Figure 2(b) shows the average distribution of the 26 concavities 26〈NC〉 and of the corresponding standard deviations des(26〈NC〉) for the four groups of N molecules: 31az, 14NotP21/c,17P21/c, and 6FAQP21/c. While for 14azNotP21/c, the distribution of 26〈NC〉 is pseudosymmetrical around the center (00 ± 1), that symmetry tends to break for 17azP21/c and more for 6FAQP21/c molecules, especially in the area where their 26〈NV〉 potentials lose the second saw-tooth peak. The distribution of 26〈NC〉 for 31az involves molecules of equal and different space group being intermediate as might be expected. Table 4 also shows the quantitative differences between the average distributions of 26〈NC〉 concavities for different groups of molecules. The average values under 〈26(des〈NC〉)〉 showing more similar distributions for the 26 concavities between the molecules of the groups 6FAQP21/c and 17P21/c than between the molecules of the group 14NotP21/c, while an intermediate similarity for the total of 31az. This shows the association of the predictor vector 26C of molecular concavities with the space group SG of the molecular crystal, parallel to the previous association observed of the predictor vector 26V of potentials with the space group SG.

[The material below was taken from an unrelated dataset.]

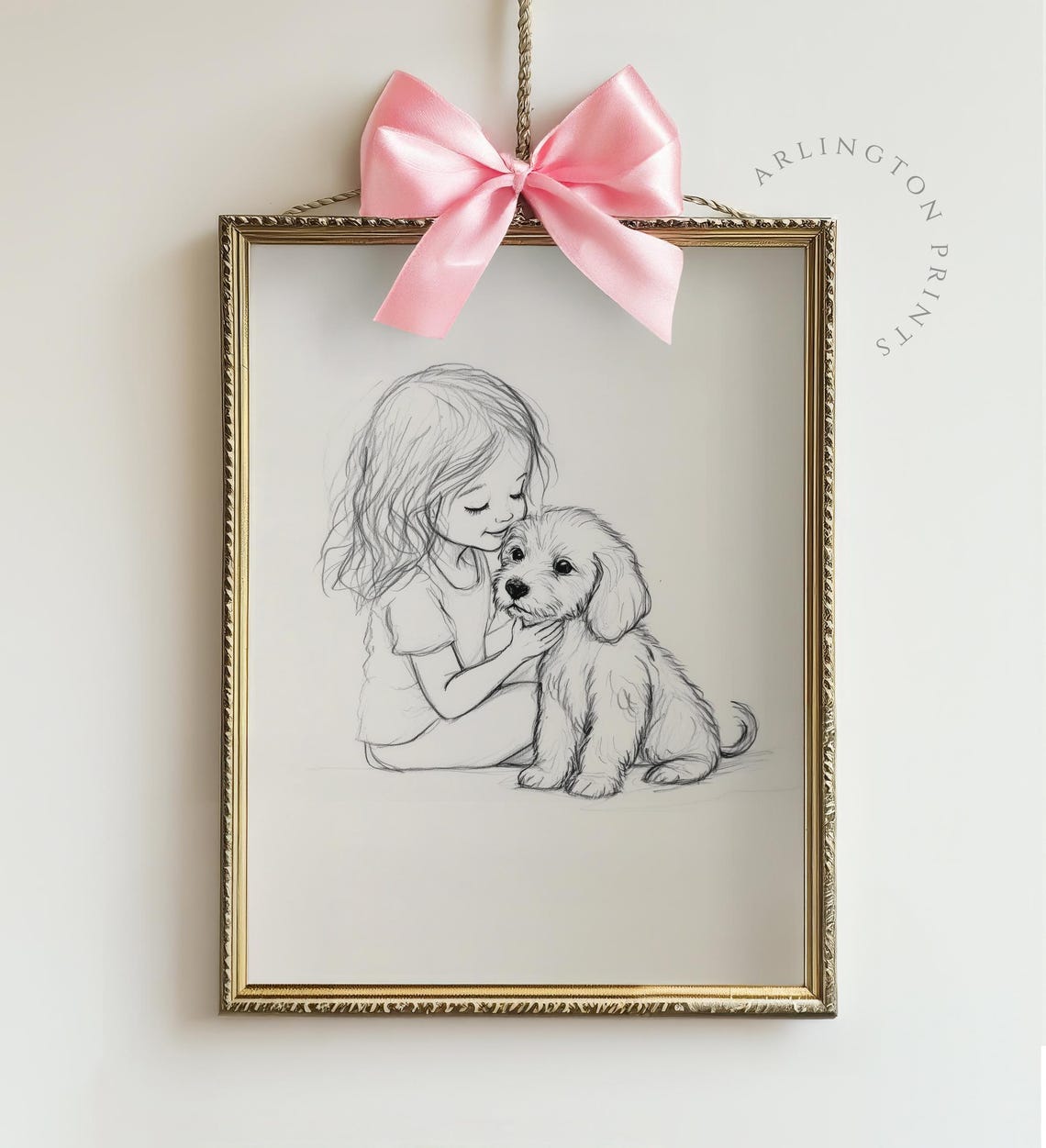Vintage Dog Nursery Art Girl And A Goldendoodle Sketch Art Print Farmhouse Wall Decor Country Wall Art Dog Drawing Girls Room Tc06 - Image 4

Figure 3 shows the molecular distributions of 26V potentials and 26C concavities for the four minority space groups: Pbca, P212121, Pna21, and P-1. Although this analysis is less significant with only 3, 3, 3, and 2 molecules each, it also notes some similarity between the distributions of its 26V and of its 26C for molecules with the same space group SG, except for P-1 and BIWWEJ (unique molecule in Table 2 with its 26V “calculated” positive). Furthermore, Table 4 shows that the average standard deviation values 〈26(des〈NV〉)〉 and 〈26(des〈NC〉)〉 for these four space groups do not deviate too much from those of groups 6FAQP21/c and 17P21/c, with the exceptions described above.
Distribution of the 26V potentials and 26C concavities for molecules of the groups 3Pbca, 3P212121, 3Pna21, and 2P-1.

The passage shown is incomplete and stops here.